My goal is to have on the dots, the species of the iris (3 species), clearly with a reasonable number of cluster (1). As you can understand my goal is not to have an analysis with a meaning, but test the sistem to see how much is flexible.

So I simply put the species in the dimension panel in Qlik and the result is an error, something like "the client has not a valid argument".

Looking the SSEtoRServe:

I decided to transplant the problem in R.

Working on data in R without using the observation as measure (like in Qlik Sense), the result is the same, here my code:

Iris <- read.csv('yourpath\\Iris.csv',sep=',')

nrow(Iris)

ncol(Iris)

head(Iris)

clusters <- kmeans((Iris[,2:5]), 3, nstart = 20)\$cluster

head(Iris[,2:5])

Iris2 <- cbind(Iris,clusters)

library(ggplot2)

p <- ggplot(Iris2, aes(petal.length, petal.width))
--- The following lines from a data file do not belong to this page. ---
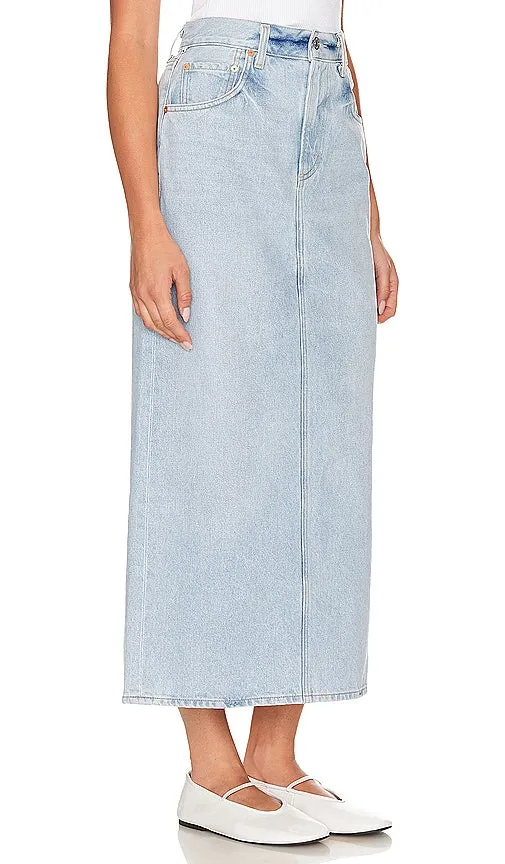 Citizens of Humanity Verona Column Skirt in Blue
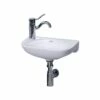 Small Wall Mount Sink - Left Side Single Faucet Drilling -A&E BATH & SHOWER Shop WH102SP30 L S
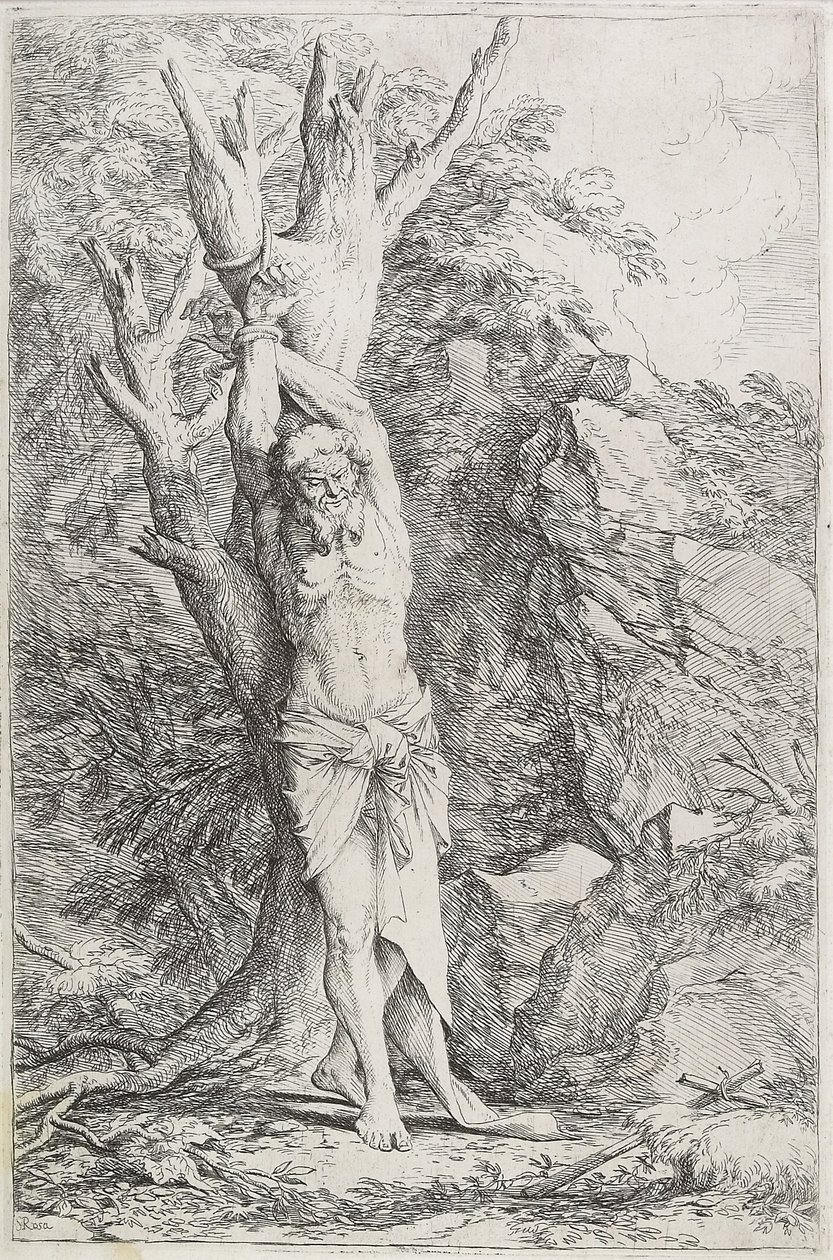 Albert, (Szenvedő öntörvényű bűnbánat), 1662-1663 alkotó: Salvator Rosa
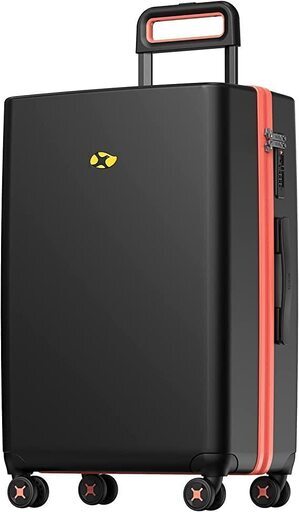黒地にピンクの差し色が可愛い！キャリーケース（スーツケース）60L 未使用品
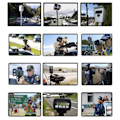 Miniatyrbild 5 av 5: 2,4 tum HD Bil DVR 1080P Dash Cam Kamera Videobandspelare 2-i-1 Laser Radar Detector js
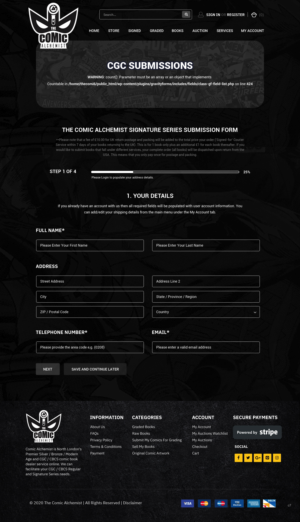 Web Design by pb for The Comic Alchemist Limited | Design: #24757714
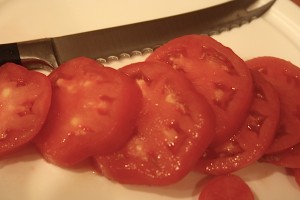 кабачки запеченные с помидорами и сыром - помидоры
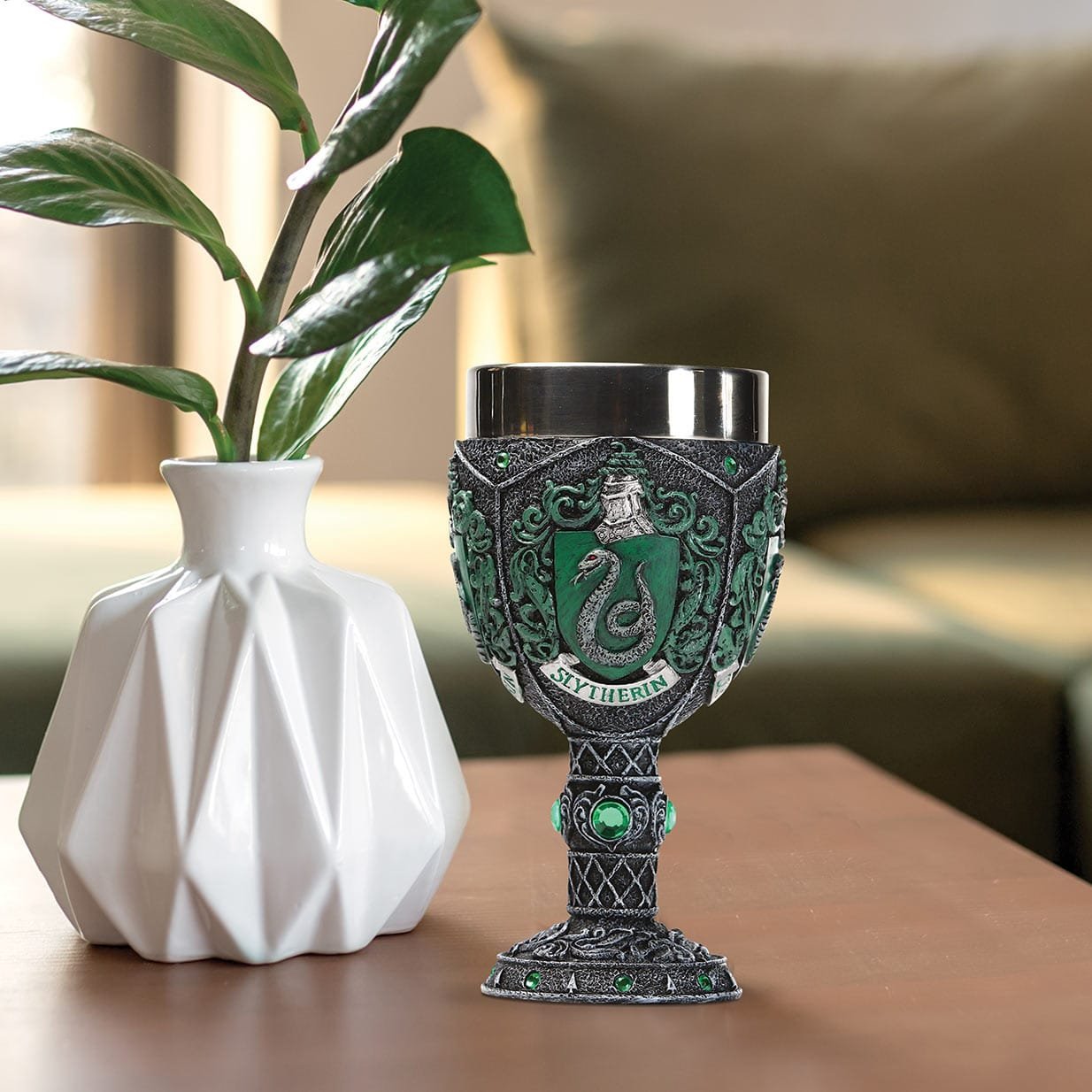 Slytherin Decorative Goblet - Afbeelding 3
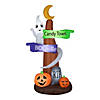 National Tree Company 8 ft. Signpost and Ghost Image 1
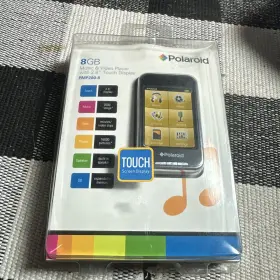 280-8 Polaroid 8 Gb Music And Video Player Pmp New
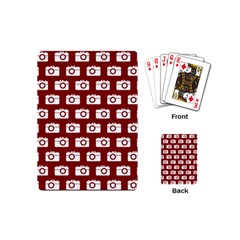 Modern Chic Vector Camera Illustration Pattern Playing Cards (mini)  by GardenOfOphir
p + geom_point(aes(colour = factor(clusters)), size = 3) + geom_text(aes(label=observation),size = 3)

And that's great!

So I tried do create the error that I have, using the species as dimension (I've clean up all the memory etc. in RStudio):

data <- read.table("yourpath\\Iris.csv",sep=",",header=TRUE)

head(data)

data <- data[,2:6]

head(data)

library(plyr)

#  grouping

data <- ddply(data,

~iris.species,

summarise,

sepal.length = mean(sepal.length),

sepal.width = mean(sepal.width),

petal.length = mean(petal.length),

petal.width = mean(petal.width)

)

# it does not work

kmeans(data,1)

# it works!

kmeans(data[,2:5],1)

So R use also the iris species in the kmeans, if you  do not remove it explicitly.

The question is: how can I make it work with the species as dimension, i.e. a non numeric dimension? I cannot understand why it does not work.

Thanks in advance.

Added the app modded (I modified also de ER, nothing of exagerate).

EDIT: Added the app with the aggr()

• ###### Re: Qlik AAI: Clustering in R, kmeans

I've done a step further.

Using

AGGR(R.ScriptEval(

'kmeans(cbind(q\$petLen, q\$petWid, q\$sepLen, q\$sepWid), 1, nstart = 20)\$cluster',

[petal length] as petLen,

[petal width] as petWid,

[sepal length] as sepLen,

[sepal width] as sepWid

),[iris species])

as measure, you can visualize the points but they are not colored, because the error is always the same. Hope it hepls to solve the mystery.

• ###### Re: Qlik AAI: Clustering in R, kmeans

Hi Simone,

The labeling of the bubbles in your scatter chart is something you control in the R expression. This is an option in the chart-type itself. Look under presentation-> labels

Regard,

Bas

• ###### Re: Qlik AAI: Clustering in R, kmeans

Hi Bas,

sorry, but I've tried to look at

presentation -> labels

but I've not found anything that makes the chart work. Maybe I'm wrong, could you please explain me how can I make it works?

I've added the app with the aggr() mod, hope it helps (if you do not see it, it's because it's under moderation, however in the last chart I've put the formula in the previous comment in place of the original one).

Thanks